Floating Point — Computer Arithmetic

Posted on November 10, 2025November 17, 2025 by examhopeinfo@gmail.com

🌊 What Does “Floating Point” Even Mean?

Let’s start simple.

When you write the number 12345, that’s an integer — it doesn’t have any fractional part.
But numbers like 3.14, 0.00045, or 2.71828 are real numbers — they include fractions or decimals.

Now, computers are great with integers, but real numbers can get very large or very tiny.
For example:

Distance from Earth to Sun ≈ 1.496 × 10⁸ km
Radius of an atom ≈ 5 × 10⁻¹¹ m

That’s a huge range!
Clearly, we can’t represent all these numbers just by fixed decimal places — we’d run out of bits!

So, computers use floating-point representation — where the decimal (or binary) point “floats” to where it’s needed.

🧮 The Floating-Point Format

A floating-point number is stored in this general scientific form:

[
N = (-1)^S \times M \times 2^E
]

Let’s break it down in plain English:

Part	Name	Meaning
S	Sign bit	0 means positive, 1 means negative
M	Mantissa (or Significand)	Represents the actual digits of the number
E	Exponent	Decides where the binary (or decimal) point “floats”

🧠 Think of It Like This:

If we write 6.022 × 10²³, the number 6.022 is like the mantissa, and 23 is the exponent.
It’s the same idea in computers — just using base 2 (binary) instead of base 10.
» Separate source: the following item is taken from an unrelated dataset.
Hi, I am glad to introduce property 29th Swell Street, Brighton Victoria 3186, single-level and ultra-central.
💾 IEEE 754 Standard (The Common Format)

Almost every computer today uses the IEEE 754 standard for floating-point representation.
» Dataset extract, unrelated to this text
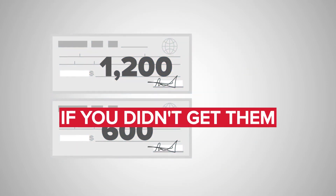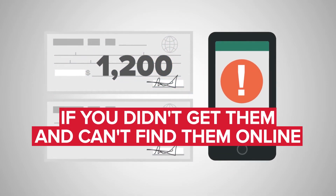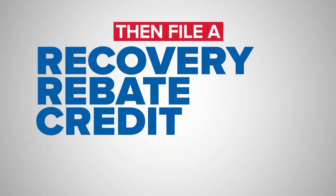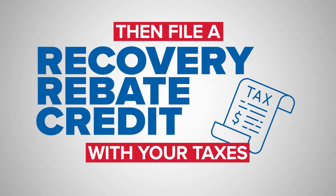Now, if you don't have the checks and there is no information available to you to track it, then the Recovery Rebate Credit is something you should file with your 2020 taxes.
It defines two main types:

Type	Total Bits	Sign	Exponent	Mantissa
Single Precision	32 bits	1	8	23
Double Precision	64 bits	1	11	52

🧩 Example: Single-Precision (32-bit) Format

| 1 bit | 8 bits     | 23 bits                  |
|  Sign |  Exponent  |     Mantissa (Fraction)  |

So a binary number like this:

0 10000010 10100000000000000000000

is interpreted as:

Sign = 0 → Positive
Exponent = 10000010₂ = 130₁₀
Mantissa = 1.101 × 2⁰ (The hidden ‘1’ is always assumed)
Actual number = 1.101 × 2^(130−127) = 1.101 × 2³ = 13.0

✏️ Step-by-Step Example

Let’s represent -5.75 in IEEE 754 (single precision):

Convert to binary:
5.75 = 101.11₂
Normalize it:
101.11 = 1.0111 × 2²
→ Mantissa = 0111
→ Exponent = 2 + 127 = 129 = 10000001₂
→ Sign = 1 (since it’s negative)
Combine all parts:

   1 | 10000001 | 01110000000000000000000

That’s your 32-bit floating-point representation of -5.75. ✅

⚙️ Floating-Point Arithmetic Operations

Just like integers, floating-point numbers can be added, subtracted, multiplied, or divided.
But since the point “floats,” the process takes a few extra steps.

Let’s explore them one by one in easy terms.

➕ Floating-Point Addition (and Subtraction)

Align the exponents
The numbers must have the same exponent before adding.
Example: 1.23 × 10² + 4.56 × 10³ → shift 1.23 to 0.123 × 10³.
Add (or subtract) the mantissas
Once the exponents match, add the fractional parts normally.
Normalize the result
If the sum is not in normalized form (1.xxx × 2ⁿ), shift and adjust the exponent.
Round if necessary
Keep precision within 23 (or 52) bits.

✖️ Floating-Point Multiplication

Add exponents (after removing the bias)
Multiply the mantissas
Normalize and round
Set sign bit based on rule:

   (+) × (+) = (+)
   (+) × (–) = (–)
   (–) × (–) = (+)

Example:
(1.1 × 2³) × (1.0 × 2²) = (1.1 × 1.0) × 2⁵ = 1.1 × 2⁵

➗ Floating-Point Division

Subtract the exponents
Divide the mantissas
Normalize and round the result
Set the sign accordingly

⚖️ Precision and Rounding

Because mantissa bits are limited (23 or 52), not all decimal numbers can be represented exactly.
For example, 0.1 (decimal) becomes an endless binary fraction.

So computers round off the result to fit the available bits — leading to tiny errors called rounding errors.
That’s why sometimes in programming you’ll see weird outputs like 0.30000000000004 — it’s not a bug, it’s just rounding at work!

🧭 Floating-Point Representation Diagram

Here’s a simple visual showing how a floating-point number is structured:

  +---------------------------------------------------------------+
  | Sign (1 bit) | Exponent (8 bits) | Mantissa (23 bits)         |
  +---------------------------------------------------------------+
         ↓              ↓                      ↓
       Negative     Controls “float”        Holds digits
       or Positive   (power of 2)           of the number

And in formula form:

[
\text{Value} = (-1)^{Sign} \times (1 + Fraction) \times 2^{(Exponent – Bias)}
]

💬 Everyday Analogy

Think of floating-point numbers like scientific notation in your calculator.
When your calculator shows 3.14E+02, it really means 3.14 × 10² = 314.

Computers do the same — but with base 2 (binary) and fixed-size memory spaces.